He loved computers. Ken bought one of the first Apple 2's when Jon was in the second grade. They learned to use it, take it apart and put it back together.  The school principal called us that summer and asked if Jon (who was 8 years old) could come teach the teachers how to use one.  He did.  But when school began that fall, he wasn't allowed to use it since it was only for the teachers.  Until some teacher had a problem--then they would come and get him to help them.  He was the school tech support person from then on.  




Tuesday, February 20, 2018

I called the library today and told them to stop sending me books.  As long as a book is sitting around that I haven't read, I'm going to read it.  Everything else waits.  I usually read four or five books a week and the library keeps me well supplied.

I am totally undisciplined when it comes to things I don't want to do.  I always save them for last.  I've told you before, that I procrastinate by doing things in the opposite order that they need to be done.  I eventually get all of it done when the pressure is on.  In the meantime, I read.

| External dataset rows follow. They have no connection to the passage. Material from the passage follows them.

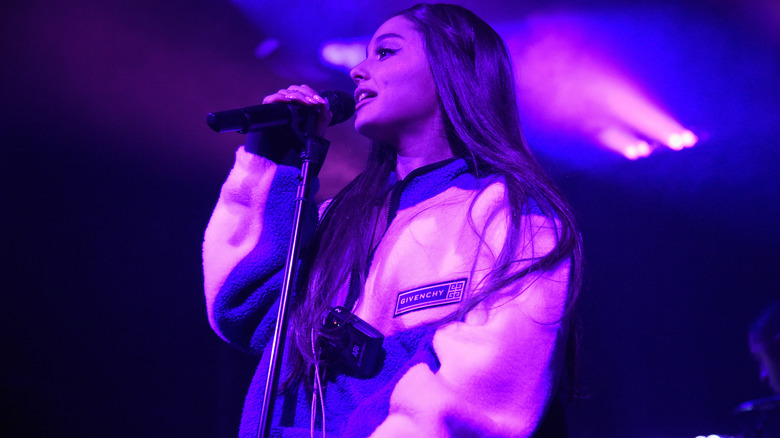 Ariana Grande performing in pink light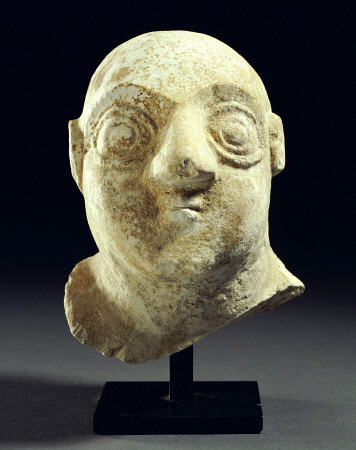 A Sumerian Limestone Head Of A Worshipper de 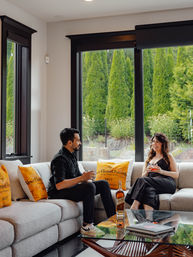 Two people relaxing with drinks on a light-gray sectional in a modern living room with large black-framed windows and lush garden view, yellow champagne-themed throw pillows and a whiskey bottle on a glass coffee table.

But it is tax time.  Which I don't want to think about.  And of course, I have to.  A person has to round up all their tax stuff and get it in some sort of order.  So three weeks ago, I moved everything--all the paper that needed to be shredded, and all the paper that needed to be sorted--to the family room.  It has been sitting there ever since--while I read.  I've looked at it every now and then.

Stressing.

So, today after I called the library and told them my dilemma, (they laughed when I told them  my reason for wanting them to stop the books) they said they would renew sending me books in March.  That done, I started going through all of my paper, separating it into categories.  Trash, keep, and shred.  I threw out the trash, put all the tax stuff on a table to go through, and got my shredder out.  It didn't work.  I messed with it and poked around on it for an hour--to no avail.  The only thing I accomplished was to sprinkle bits of paper all over the floor.

Stressing.

I am going to have to buy a new shredder.  Which irritates me.  I see the work of the devil in all of this.  I bet everyone in America is going through the same thing and agrees with me.  It is the one thing we all have in common.  We have to file our taxes.  Remember the old saying came that says, "You can be for sure of two things in this world.  Death and Taxes."  Double bummer.

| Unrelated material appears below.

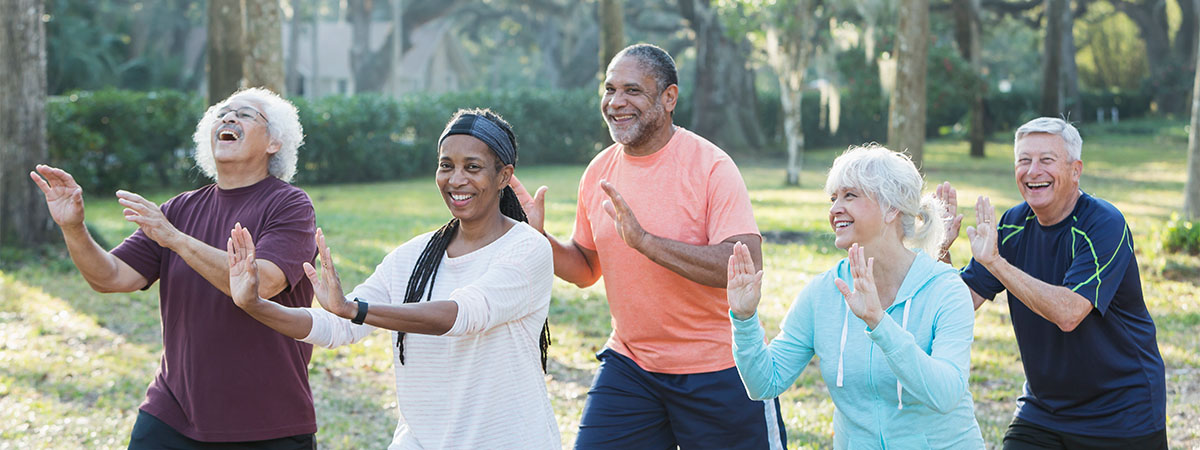  A group of five multi-ethnic seniors doing Tai Chi in the park.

"Render to Caeser the things that are Caesar's, and to God the things that are God's." Matthew 20:21




Monday, February 19, 2018

I don't know how many years Publisher's Clearing House has been around, but I've been getting six to ten entry notifications from them every year since before time began.  I told one of my friends that I would be a millionaire today if I had invested the money I spent on stamps sending those entry forms back to them.

I don't do the lottery, scratch tickets or casinos or any kind of gambling, but PCH has my number.  I keep sticking stamps on their envelopes and mailing them back.

So I was surprised on Saturday when I was given a ticket at the OSU Gardening class I attended and my number was called.  Ann and I had enrolled, paid our fees and spent six hours learning how not to kill your plants.  Out of 200 people, they called my ticket.  I won a small vial of Bachelor Button seeds.  Whoopee.

I will plant them.  These are one of "Board" the approved flowers for Oklahoma.  Guaranteed to grow.  The last ones I saw in bloom were in Wilburton, Oklahoma back when I was a child.  My grandmother lived in a small four room house with a tiny yard that she had completely covered with flowers--so she didn't have to mow.  She had no grass at all.  Just Bachelor Buttons, Holly-hawks, Snapdragons, Tiger Lilies, and every other kind of flower that would reseed itself each year.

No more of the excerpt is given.